U.K. Activism Trends: Smaller Companies Targeted, Big Players Take Interest
Produced in collaboration with global law firm White & Case, the DMI report reveals a key trend: smaller-cap companies accounted for nearly 70% of all activism in the U.K. during the past year. Activists continue to perceive these companies as easier entry points for driving governance changes, capital returns, and strategic overhauls.
However, large-cap activism is also gaining momentum, particularly driven by prominent U.S.-based activist investors who are increasingly shifting their focus toward European markets. These investors, often equipped with significant capital and experience from the more mature U.S. activism landscape, are seeking untapped opportunities among undervalued European firms.
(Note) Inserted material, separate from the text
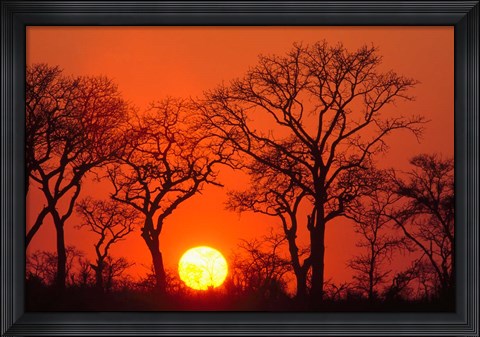 Framed South Africa, Kruger NP, Trees silhouetted at sunset Print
“The U.S. market for shareholder activism is far more developed, with many sophisticated and well-resourced players,” noted Tom Matthews, Partner and Head of EMEA Activism at White & Case. “For those willing to expand beyond their home base, the U.K. and Europe offer fertile ground—especially in markets where governance frameworks are evolving and valuation gaps remain attractive.”
Diverse Governance Landscapes Define Activism Across Europe
While the U.K. maintains its lead, the nature and intensity of activism vary widely across Europe, influenced by distinct corporate governance frameworks, voting mechanisms, and board election structures.
Germany has become the most hotly contested market on the continent, with activists successfully securing six board seats in the first eight months of 2025—up from four in 2024. Campaigns in Germany have largely centered on cost-cutting initiatives, operational efficiencies, and industry consolidation, reflecting growing shareholder pressure on management to drive profitability.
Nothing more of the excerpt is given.